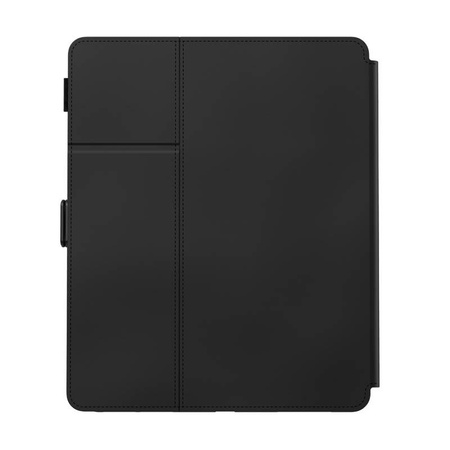 Speck Balance Folio - pouzdro pro iPad Pro 12,9" (2022-2018) s povrchovou úpravou MICROBAN, magnetem a stojánkem (černé)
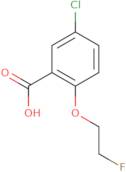 5-Chloro-2-(2-fluoroethoxy)benzoic acid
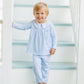 Liam Bloomer Pants Set- Light Blue Windowpane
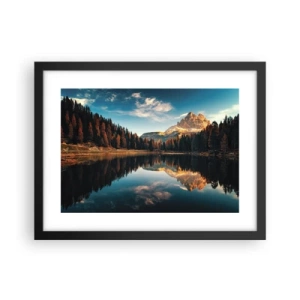 Plakát v černém rámu - Dvojitá krajina - 40x30 cm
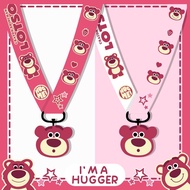 Cute printed fabric mask strap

_____

Action item:
Every line of the records must come back unchanged, except that pictures are dropped.

Solution for this exercise:
 Speck Balance Folio - pouzdro pro iPad Pro 12,9" (2022-2018) s povrchovou úpravou MICROBAN, magnetem a stojánkem (černé)
 5-Chloro-2-(2-fluoroethoxy)benzoic acid
 Liam Bloomer Pants Set- Light Blue Windowpane
 Plakát v černém rámu - Dvojitá krajina - 40x30 cm
 Cute printed fabric mask strap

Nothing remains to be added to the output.